Former constitutional attorney Glenn Greenwald also wrote With Liberty for Some and A Tragic Legacy. A co-winner of the Pulitzer Prize, he won the 2013 George Polk Award for Security Reporting and numerous other honors. He is a columnist for The Guardian (London).



Greenwald reports that Snowden first reached out to him in December of 2012 under the pseudonym Cincinnatus, the name of a Roman farmer appointed emperor during wartime. He rejected power after the war to return to farming. Snowden wanted Greenwald to start using an encryption program before any further communication. Snowden cited the example of disgraced general David Petraeus, who had been undone by emails detailing an illicit affair. If Petraeus had encrypted his emails, Snowden told Greenwald, no one ever would have discovered his affair.

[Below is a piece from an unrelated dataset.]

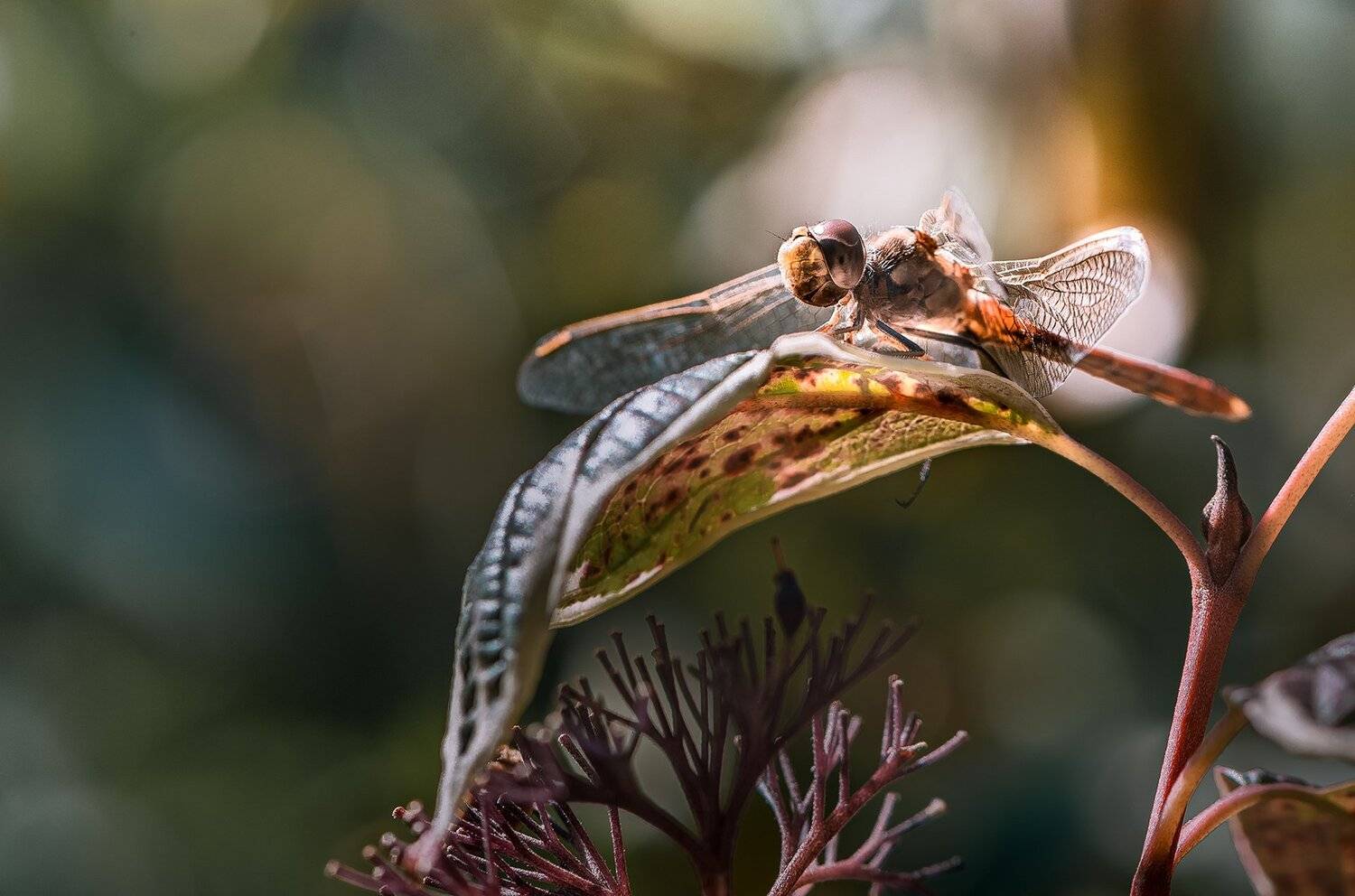 природа, макро, насекомое, стрекоза, Неля Рачкова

Then Greenwald heard from filmmaker Laura Poitras, a documentarian whose films bravely address civil liberty and political oppression. Greenwald had written in Salon about the way US government officials had harassed, detained and questioned her. Poitras convinced him that Snowden was not a hoaxer and had something of value to impart. Shortly after, a “tech person” sent Greenwald two thumb drives from Snowden, still anonymously. US customs held that package for more than a week, raising Greenwald’s suspicions of government eavesdropping and interference.The package contained instructions on encrypting email and creating passwords. Snowden invited Greenwald to meet him in Hong Kong.